- **TASK BRIEF**: Give a faithful, exact copy of all entries, minus the images.

Segment Start: INPUT MATERIAL

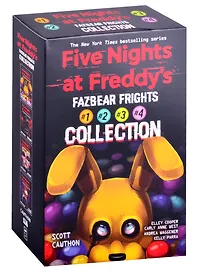 Five nights at freddy's: Fazbear Frights. Collection (комплект из 4 книг)
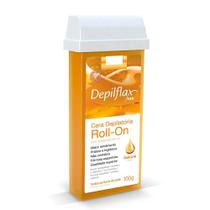 Depilflax - 03 Refil Cera Roll On Natural 100G Depilflax - 03 Refil Cera Roll On Natural 100G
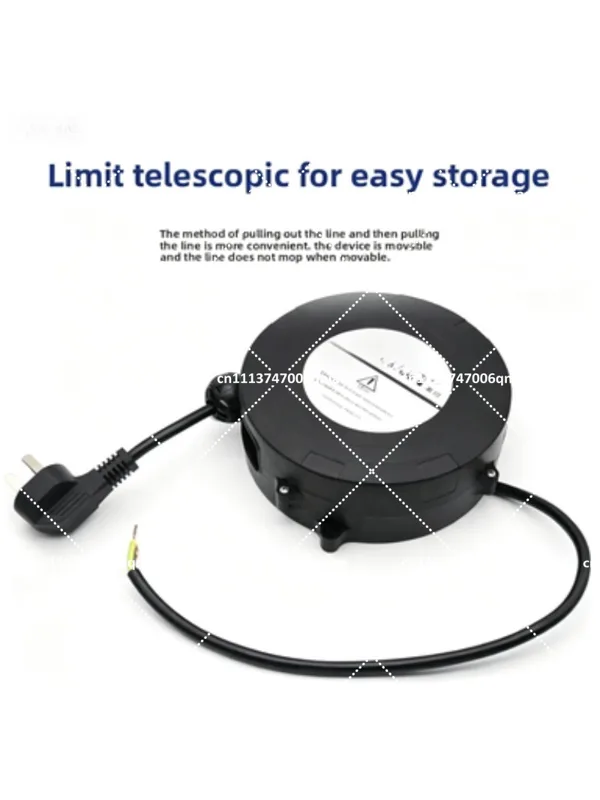 สายไฟฟ้าแบบม้วนเก็บได้ H05VV-F - Electric Reel บทวิจารณ์และราคา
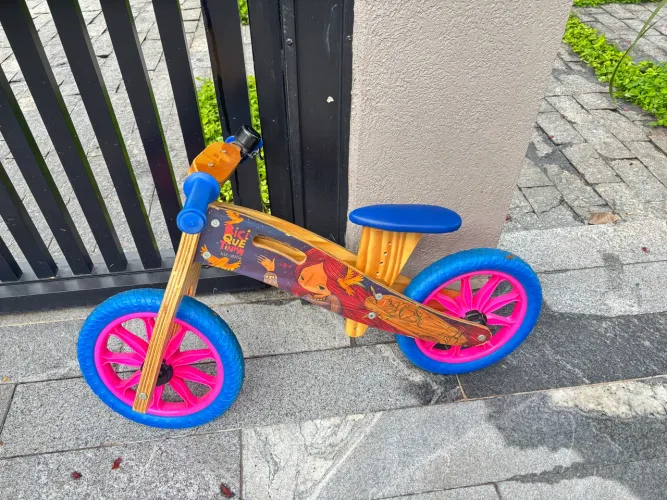 BiciQuétinha Equilíbrio Infantil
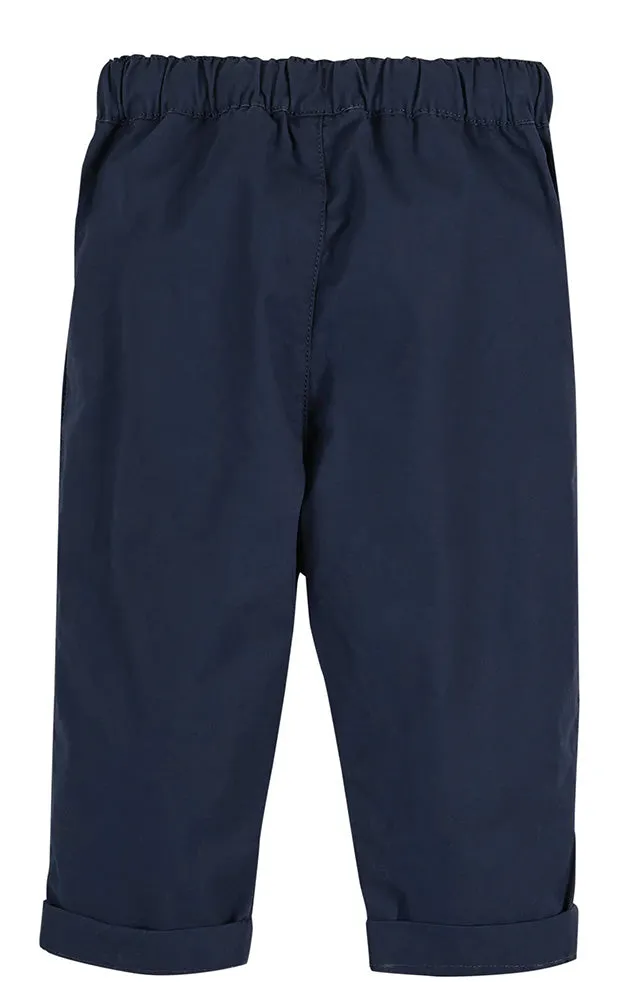 Frugi Tommy Trousers - Indigo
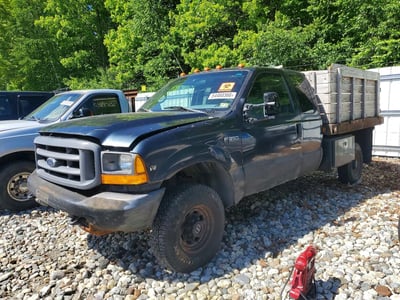 1FDSX35LXXE****** 1999 Ford F-350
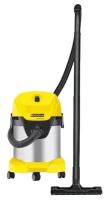 Пылесос KARCHER WD 3 Premium, желтый/серый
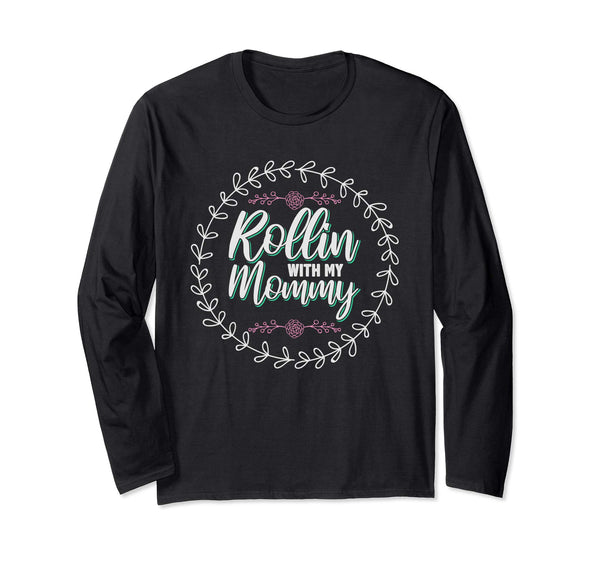 Rolling With My Mommy T Shirt Easter Pregnancy Announcement
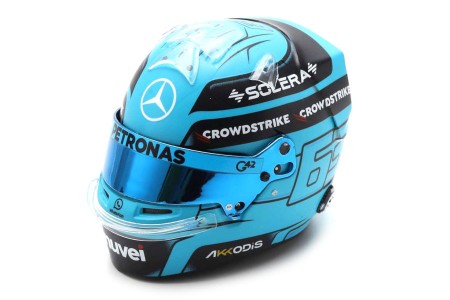 BELL HELMET George Russell Mercedes F1 2024 - Spark Scale 1:5 (5HF146)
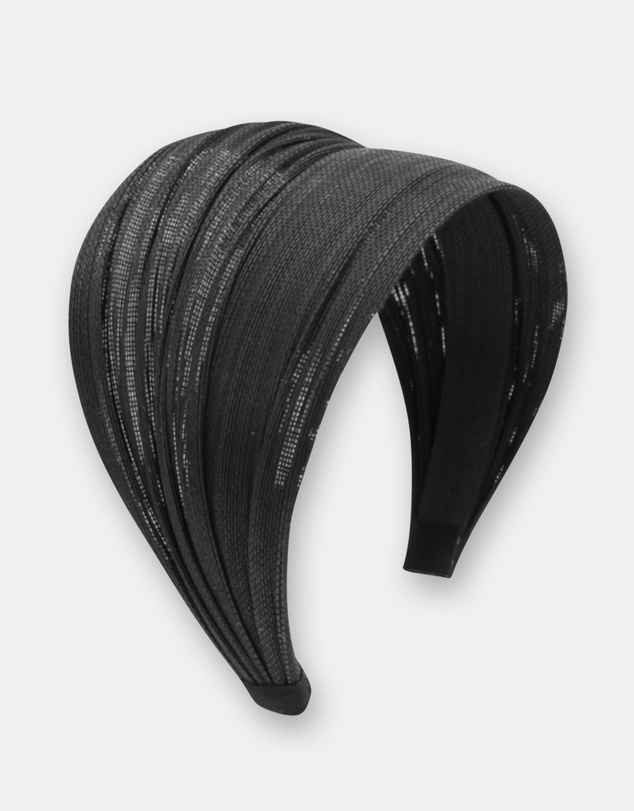 Morgan & Taylor - Jacqueline Fascinator in Black
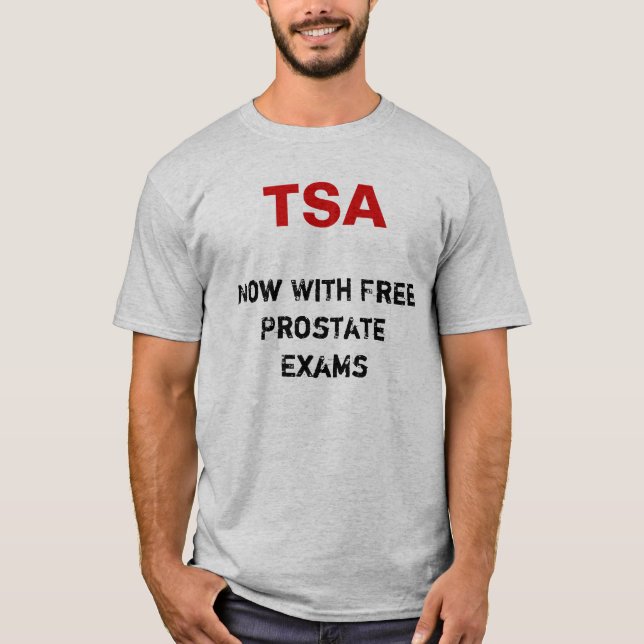 Free Prostate Exams T-Shirt (Front)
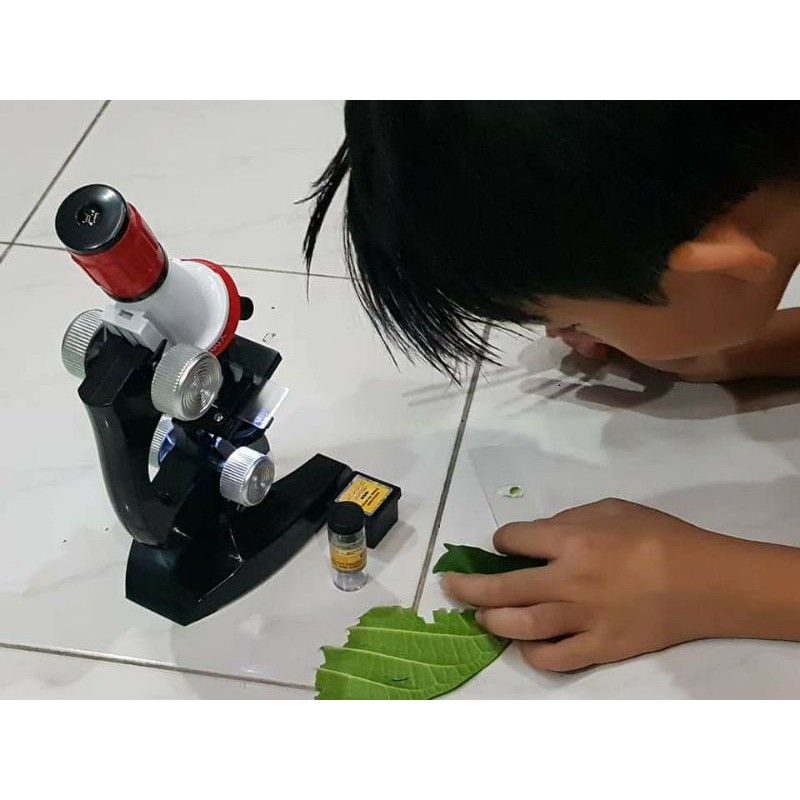 กล้องจุลทรรศน์เด็ก กล้องส่องเซลล์เด็ก อุปกรณ์เรียนรู้วิทยาศาสตร์เด็ก พร้อมส่งจากไทย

Segment End: INPUT MATERIAL

- **THE COMPLETED TASK**:
 Five nights at freddy's: Fazbear Frights. Collection (комплект из 4 книг)
 Depilflax - 03 Refil Cera Roll On Natural 100G Depilflax - 03 Refil Cera Roll On Natural 100G
 สายไฟฟ้าแบบม้วนเก็บได้ H05VV-F - Electric Reel บทวิจารณ์และราคา
 BiciQuétinha Equilíbrio Infantil
 Frugi Tommy Trousers - Indigo
 1FDSX35LXXE****** 1999 Ford F-350
 Пылесос KARCHER WD 3 Premium, желтый/серый
 Rolling With My Mommy T Shirt Easter Pregnancy Announcement
 BELL HELMET George Russell Mercedes F1 2024 - Spark Scale 1:5 (5HF146)
 Morgan & Taylor - Jacqueline Fascinator in Black
 Free Prostate Exams T-Shirt (Front)
 กล้องจุลทรรศน์เด็ก กล้องส่องเซลล์เด็ก อุปกรณ์เรียนรู้วิทยาศาสตร์เด็ก พร้อมส่งจากไทย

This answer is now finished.